Yes i rebooted it, but it stopped at which typewriter language it kept asking me then it would go to rollback. It would just o around n circles. I finally pushed F11 and hit reset and it reset and kept my stuff but now my sound is missing. What a pain... Been at this all day. Argh!


----------



## hisbeauty4ashes (Oct 27, 2009)

Now I am having severe freezing issues. I cannot fix the sound either. I am so frustrated! What do you mean rebuild from scratch? Like take my computer back to factory reset?


----------



## dmccoy (Oct 7, 2017)

It sounds like you are having driver issues. We do not know anything about your computer,so please provide the following to start.

*Step 1:*
Speccy
Download *Speccy *to your desktop

1. *File *> *Save Snapshot. *This will create a file called [hostname].speccy
2. *File *> *Publish Snapshot. *This saves your snapshot to their servers
3 *Copy *and *Paste *the *link *to your next Reply


----------



## hisbeauty4ashes (Oct 27, 2009)

Ok it had nothing to do with drivers. My windows did an automatic update which wiped my entire hard drive. I had to do a factory reset to my Laptop. It was a nightmare. I am now afraid to update anything with windows 10 update it turns out allot of people are having this issue I will post exactly what happened to my Laptop. I want to figure out why this happened so I am not afraid to update my Laptop again to the latest update.


----------



## hisbeauty4ashes (Oct 27, 2009)

Here is txt could not figure out snapshot.


----------



## dmccoy (Oct 7, 2017)

Did your computer come with Windows 10? If not, it is still possible that the correct drivers are not being installed by Windows. It is recommended to update you most important drivers from the mfg website or device mfg websites such as the motherboard, chipset, GPU etc and in a certain order. If this has not been done then I can guide you in the right direction. I also recommend creating an image backup or very least restore points so you can easily revert any changes along the way if needed.


----------



## hisbeauty4ashes (Oct 27, 2009)

Okay figured it out. http://speccy.piriform.com/results/cpqvJ2XiSCXnRIakkSSjP0A


----------



## hisbeauty4ashes (Oct 27, 2009)

Yes my computer did in fact come with windows 10


----------



## hisbeauty4ashes (Oct 27, 2009)

Yes I can use all the help I can get. Please show me how to do those things.


----------



## hisbeauty4ashes (Oct 27, 2009)

Here is exactly what happened to me. https://www.tenforums.com/installat...date-1803-failed-leaves-machine-unusable.html


----------



## dmccoy (Oct 7, 2017)

Sounds like you went round and round with lots of things there. I don't want to go over all that and since you are starting with a new factory install we should continue from there. I stil recommend you create an image backup first so you can easily revert any changes to this point if needed.

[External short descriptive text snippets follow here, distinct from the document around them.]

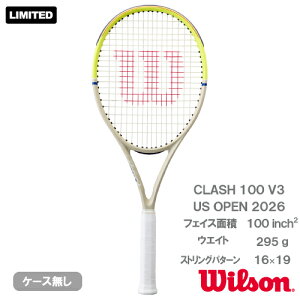 �E�C���\�� �N���b�V�� 100 V3 US�I�[�v�� 2026�iwilson CLASH 100 V3 US OPEN 2026 WR216011U) �d���e�j�X���P�b�g 26FW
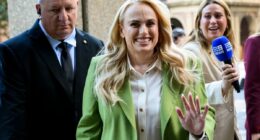 Sinister messages sent by GREAT DANE to star of Rebel Wilson's film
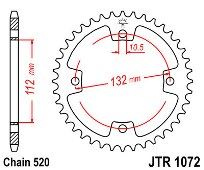 Rear sprocket JT R1072 38 Teeth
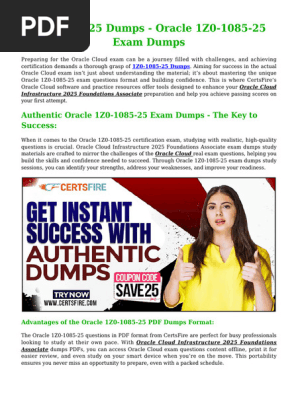 1Z0-1085-25 Exam Dumps | PDF | Cloud Computing | Oracle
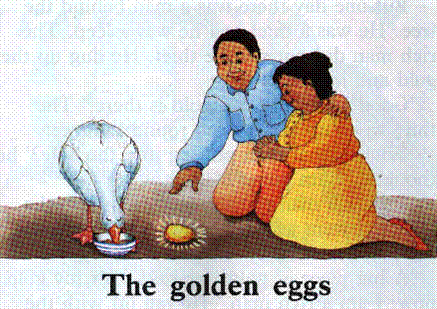 The golden eggs, Δωρεάν παιδικές ιστοριούλες σε απλά αγγλικά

1. Create an image backup with the program below or at least backup your important files. 
Macrium Reflect free
https://www.macrium.com/reflectfree

How to use
https://reflect.macrium.com/webtutorial/How_to_create_a_disk_image.asp

Then perform the following to provide more information

Right click on *diag.txt*
Select *Save link as* from the menu
Save to your desktop
Rename the file to *diag.bat*
Double click on the file to Run
Once it is finished it will create a* SystemDiagnostics* folder on your desktop
Compress the folder to a *.zip* file
Upload to your reply

How to Compress/Uncompress .Zip files


----------



## hisbeauty4ashes (Oct 27, 2009)

Okay downloading the Macrium Reflect free. I do have a backup harddrive I am hoping to use that with this if it shows it.


----------



## hisbeauty4ashes (Oct 27, 2009)

Okay I ran into the following problem


----------



## dmccoy (Oct 7, 2017)

Are you downloading from the mfg link I provided? I have never experienced any issues with it.


----------



## hisbeauty4ashes (Oct 27, 2009)

Yes but learned it was my avg so turned it off now it is downloading.


----------



## hisbeauty4ashes (Oct 27, 2009)

Okay great I did the image backup to my eternal drive


----------



## hisbeauty4ashes (Oct 27, 2009)

Okay here is the zipped file


----------



## dmccoy (Oct 7, 2017)

Ok that makes sense. I will go over your files but it may be tom before I get back with you.


----------



## hisbeauty4ashes (Oct 27, 2009)

Ok no worries. I just want to prevent what happened with windows update in the future.


----------



## hisbeauty4ashes (Oct 27, 2009)

P.S Since resetting my Laptop to factory reset I have not updated windows.


----------



## hisbeauty4ashes (Oct 27, 2009)

Ok never heard back from you. Can you let me know what to do next. Thanks?


----------



## dmccoy (Oct 7, 2017)

I thought it was resolved since resetting windows? What other issues are you having questions?


----------



## hisbeauty4ashes (Oct 27, 2009)

If you remember I sent you my info zip file you were going to look at it and get back to me. My concern is the up date wiping my hard drive again.


----------



## dmccoy (Oct 7, 2017)

The files are no longer helpful since you reset your computer. I recommend backing up your system as follows or at least your important files and then performing the Windows update. Also see the link below regarding preparing for the update for best results. Let me know if any questions.

Macrium Reflect free:
https://www.macrium.com/reflectfree

How to Use:
https://reflect.macrium.com/webtutorial/How_to_create_a_disk_image.asp

https://www.groovypost.com/howto/prepare-computer-windows-10-creators-update-version-1703/


----------



## hisbeauty4ashes (Oct 27, 2009)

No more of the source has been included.